Kuuta

地獄の黙示録・特別完全版のKuutaのネタバレレビュー・内容・結末

地獄の黙示録・特別完全版(2001年製作の映画)
3.9

このレビューはネタバレを含みます

画竜点睛というか竜頭蛇尾というか、道中のジャングルクルーズが細切れなエピソードながらどれも素晴らしい完成度なのに対し、ラスト15分、肝心のカーツ大佐がマクガフィンでもないのに迫力不足で物足りない。カーツが神と称えられる理由がよく分からず、魅力のあるキャラクターに仕上がっていない。マーロン・ブランドが太り過ぎで予定していた脚本が大幅に変わったのが原因だろう。最後のウィラード(マーティン・シーン)の葛藤もちょっと投げっぱなしな印象。
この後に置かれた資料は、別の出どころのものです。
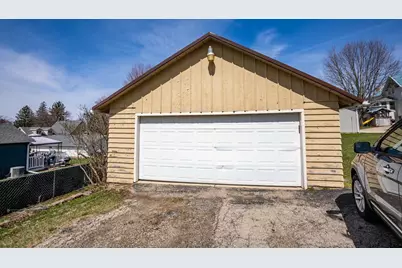 705 Fountain Street, Mineral Point, WI 53565 - Photo 10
死体がゴロゴロ転がっていて、生死の境すら曖昧な世界。牛とともに死んでカーツは神話となり、ウィラードは王殺しの後、元来た道を引き返すが(行って帰る話)、彼にももはや故郷はない。恐怖から逃れるためなら普通の人が獣に変化してしまう。迷いを捨てた戦士を象徴する予防接種のエピソードは強烈。

地獄に向かって川を北上し、ベトナム側の陣地に近づいていく。狂気と恐怖が増し続けるロードームービーのようにも見える。フランス人一家の件、浮いてるし退屈だなと思ったら追加シーンだったよう。「フランスの植民地支配には信念があるのにアメリカは空っぽ」と言われてもあまりピンと来なかった。

ワーグナーはやはりナチスのイメージなんだろうか。とにかく全編にわたって撮影と音響が素晴らしい。何度見てもキルゴア中佐の襲撃シーンのキレ味は最高。予算の掛け方も、スケールも普通の映画と格が違う。色付きの煙がLSDっぽい。

キルゴアのストレートな狂気が語られがちだが、彼が青空の下で大騒ぎしているのに対し、カーツは暗闇に潜み、まさにジャングルと渾然一体となっている(マーロンブランドの全身が映るシーンを減らしたという事情もあるが)。

最終的にベトナム戦争すら本筋とは関係無くなり、欧米の植民地支配への批判、文明の方が野蛮であり、戦士としての誇りを持とうとしない社会に「Apocalypse Now!」と叫ぼうとしたジョン・ミリアスのメッセージもだいぶ曖昧になっているが、コッポラがその時出来る範囲で良くも悪くもまとめたんだろうなという印象が強い。78点。